::: Data shown

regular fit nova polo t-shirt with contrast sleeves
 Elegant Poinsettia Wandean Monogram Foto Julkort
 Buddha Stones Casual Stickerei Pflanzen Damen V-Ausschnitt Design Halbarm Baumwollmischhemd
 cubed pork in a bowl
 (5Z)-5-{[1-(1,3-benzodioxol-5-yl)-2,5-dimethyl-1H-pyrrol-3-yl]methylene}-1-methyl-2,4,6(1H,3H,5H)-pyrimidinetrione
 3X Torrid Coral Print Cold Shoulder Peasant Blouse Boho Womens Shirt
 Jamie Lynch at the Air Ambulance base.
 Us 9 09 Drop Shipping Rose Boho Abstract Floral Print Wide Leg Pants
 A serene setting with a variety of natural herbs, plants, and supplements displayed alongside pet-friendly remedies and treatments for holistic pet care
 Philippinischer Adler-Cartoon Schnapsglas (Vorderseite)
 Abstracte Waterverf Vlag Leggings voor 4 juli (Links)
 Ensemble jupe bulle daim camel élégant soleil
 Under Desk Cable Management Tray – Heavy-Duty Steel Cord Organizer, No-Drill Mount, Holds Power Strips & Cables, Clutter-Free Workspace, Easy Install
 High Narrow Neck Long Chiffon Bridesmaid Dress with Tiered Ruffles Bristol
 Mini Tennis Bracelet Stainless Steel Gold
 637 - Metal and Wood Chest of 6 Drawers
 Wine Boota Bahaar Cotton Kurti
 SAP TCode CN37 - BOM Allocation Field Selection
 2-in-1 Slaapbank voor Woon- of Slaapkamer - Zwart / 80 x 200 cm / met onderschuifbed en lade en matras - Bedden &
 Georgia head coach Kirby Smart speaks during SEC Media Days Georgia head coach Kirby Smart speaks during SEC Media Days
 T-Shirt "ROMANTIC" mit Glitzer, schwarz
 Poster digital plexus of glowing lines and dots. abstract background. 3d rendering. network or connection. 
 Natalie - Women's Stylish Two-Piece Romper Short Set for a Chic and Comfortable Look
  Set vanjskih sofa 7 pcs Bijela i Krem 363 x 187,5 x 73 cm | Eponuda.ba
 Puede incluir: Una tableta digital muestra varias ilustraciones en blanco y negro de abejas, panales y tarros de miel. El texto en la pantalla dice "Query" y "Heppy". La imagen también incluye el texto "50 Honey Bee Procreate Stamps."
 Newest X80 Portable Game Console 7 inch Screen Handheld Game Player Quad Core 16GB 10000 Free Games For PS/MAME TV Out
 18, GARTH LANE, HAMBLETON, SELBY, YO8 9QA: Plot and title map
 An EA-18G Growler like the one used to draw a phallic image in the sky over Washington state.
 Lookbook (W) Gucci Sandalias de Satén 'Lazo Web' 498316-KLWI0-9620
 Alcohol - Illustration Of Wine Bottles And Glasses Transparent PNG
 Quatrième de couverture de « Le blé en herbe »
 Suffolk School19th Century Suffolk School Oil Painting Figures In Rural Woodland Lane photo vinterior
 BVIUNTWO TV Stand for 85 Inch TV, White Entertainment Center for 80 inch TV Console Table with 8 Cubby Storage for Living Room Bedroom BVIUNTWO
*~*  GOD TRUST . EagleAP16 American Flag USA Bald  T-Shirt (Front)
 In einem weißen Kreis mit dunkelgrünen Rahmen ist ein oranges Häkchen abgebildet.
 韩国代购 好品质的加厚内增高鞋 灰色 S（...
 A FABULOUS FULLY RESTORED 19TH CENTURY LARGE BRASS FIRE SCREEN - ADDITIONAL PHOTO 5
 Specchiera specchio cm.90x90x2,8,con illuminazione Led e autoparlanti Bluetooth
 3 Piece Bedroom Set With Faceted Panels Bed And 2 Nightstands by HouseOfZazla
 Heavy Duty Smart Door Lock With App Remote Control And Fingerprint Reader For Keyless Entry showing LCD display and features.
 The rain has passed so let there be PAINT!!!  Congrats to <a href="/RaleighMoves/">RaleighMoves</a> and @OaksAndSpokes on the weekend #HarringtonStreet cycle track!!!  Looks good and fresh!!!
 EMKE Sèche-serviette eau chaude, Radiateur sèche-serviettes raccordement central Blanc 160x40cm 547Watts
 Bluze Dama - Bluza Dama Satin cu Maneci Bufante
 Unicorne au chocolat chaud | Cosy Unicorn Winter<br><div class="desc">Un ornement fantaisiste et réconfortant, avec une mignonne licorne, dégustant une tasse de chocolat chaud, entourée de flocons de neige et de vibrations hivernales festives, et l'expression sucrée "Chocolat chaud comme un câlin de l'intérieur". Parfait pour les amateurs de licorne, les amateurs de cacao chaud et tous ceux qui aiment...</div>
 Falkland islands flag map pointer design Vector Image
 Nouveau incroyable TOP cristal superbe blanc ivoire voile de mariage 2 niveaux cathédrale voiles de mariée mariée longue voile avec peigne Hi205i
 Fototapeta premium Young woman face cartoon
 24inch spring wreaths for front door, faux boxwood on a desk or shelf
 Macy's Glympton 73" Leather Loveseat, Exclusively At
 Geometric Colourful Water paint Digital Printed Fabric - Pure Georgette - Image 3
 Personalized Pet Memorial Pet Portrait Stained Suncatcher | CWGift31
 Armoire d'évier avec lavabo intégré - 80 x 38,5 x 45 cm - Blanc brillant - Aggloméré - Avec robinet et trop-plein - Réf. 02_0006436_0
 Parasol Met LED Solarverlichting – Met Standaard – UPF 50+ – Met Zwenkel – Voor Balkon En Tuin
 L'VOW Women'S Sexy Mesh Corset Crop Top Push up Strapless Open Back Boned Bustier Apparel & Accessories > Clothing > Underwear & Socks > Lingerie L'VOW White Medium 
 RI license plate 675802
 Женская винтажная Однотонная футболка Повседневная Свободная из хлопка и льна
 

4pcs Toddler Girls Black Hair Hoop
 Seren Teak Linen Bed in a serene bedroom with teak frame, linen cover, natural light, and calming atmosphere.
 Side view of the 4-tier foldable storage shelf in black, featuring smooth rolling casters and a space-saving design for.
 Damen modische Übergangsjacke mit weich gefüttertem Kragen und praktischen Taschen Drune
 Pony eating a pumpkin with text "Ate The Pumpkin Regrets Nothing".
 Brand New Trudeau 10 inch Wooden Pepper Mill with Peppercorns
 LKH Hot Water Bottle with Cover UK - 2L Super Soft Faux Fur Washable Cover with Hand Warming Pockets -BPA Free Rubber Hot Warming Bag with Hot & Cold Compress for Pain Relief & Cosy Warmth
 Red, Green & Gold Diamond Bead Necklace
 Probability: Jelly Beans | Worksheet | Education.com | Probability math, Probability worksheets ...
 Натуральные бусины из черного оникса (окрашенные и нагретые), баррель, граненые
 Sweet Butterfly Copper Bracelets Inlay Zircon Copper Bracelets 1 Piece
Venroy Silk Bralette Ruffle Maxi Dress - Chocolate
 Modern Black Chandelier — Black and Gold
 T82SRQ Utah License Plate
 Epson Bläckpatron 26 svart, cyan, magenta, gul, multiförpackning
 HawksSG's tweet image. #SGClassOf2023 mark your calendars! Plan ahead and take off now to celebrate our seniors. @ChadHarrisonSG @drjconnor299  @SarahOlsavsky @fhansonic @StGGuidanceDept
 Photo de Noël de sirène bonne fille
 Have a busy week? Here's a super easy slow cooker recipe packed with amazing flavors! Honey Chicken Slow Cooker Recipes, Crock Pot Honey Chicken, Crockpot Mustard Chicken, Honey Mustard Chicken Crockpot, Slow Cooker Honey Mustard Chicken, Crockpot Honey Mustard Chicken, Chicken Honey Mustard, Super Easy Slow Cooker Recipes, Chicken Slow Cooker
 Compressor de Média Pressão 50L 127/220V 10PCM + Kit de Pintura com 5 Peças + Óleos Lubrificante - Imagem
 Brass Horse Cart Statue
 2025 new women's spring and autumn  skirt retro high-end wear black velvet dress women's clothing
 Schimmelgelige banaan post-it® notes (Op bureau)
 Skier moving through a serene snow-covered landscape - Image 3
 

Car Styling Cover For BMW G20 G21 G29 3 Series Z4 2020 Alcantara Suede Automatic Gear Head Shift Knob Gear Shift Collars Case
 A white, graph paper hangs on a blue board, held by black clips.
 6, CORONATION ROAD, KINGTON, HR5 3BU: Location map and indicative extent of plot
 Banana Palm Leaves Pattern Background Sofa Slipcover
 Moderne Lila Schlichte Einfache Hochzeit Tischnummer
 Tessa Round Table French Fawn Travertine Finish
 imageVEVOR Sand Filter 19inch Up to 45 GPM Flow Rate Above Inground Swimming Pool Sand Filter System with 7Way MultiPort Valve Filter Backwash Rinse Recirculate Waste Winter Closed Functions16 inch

::::::

What you have to do: Only the lines that contain the string "Boho" are to be copied from the records.

Answer to this exercise:
 3X Torrid Coral Print Cold Shoulder Peasant Blouse Boho Womens Shirt
 Us 9 09 Drop Shipping Rose Boho Abstract Floral Print Wide Leg Pants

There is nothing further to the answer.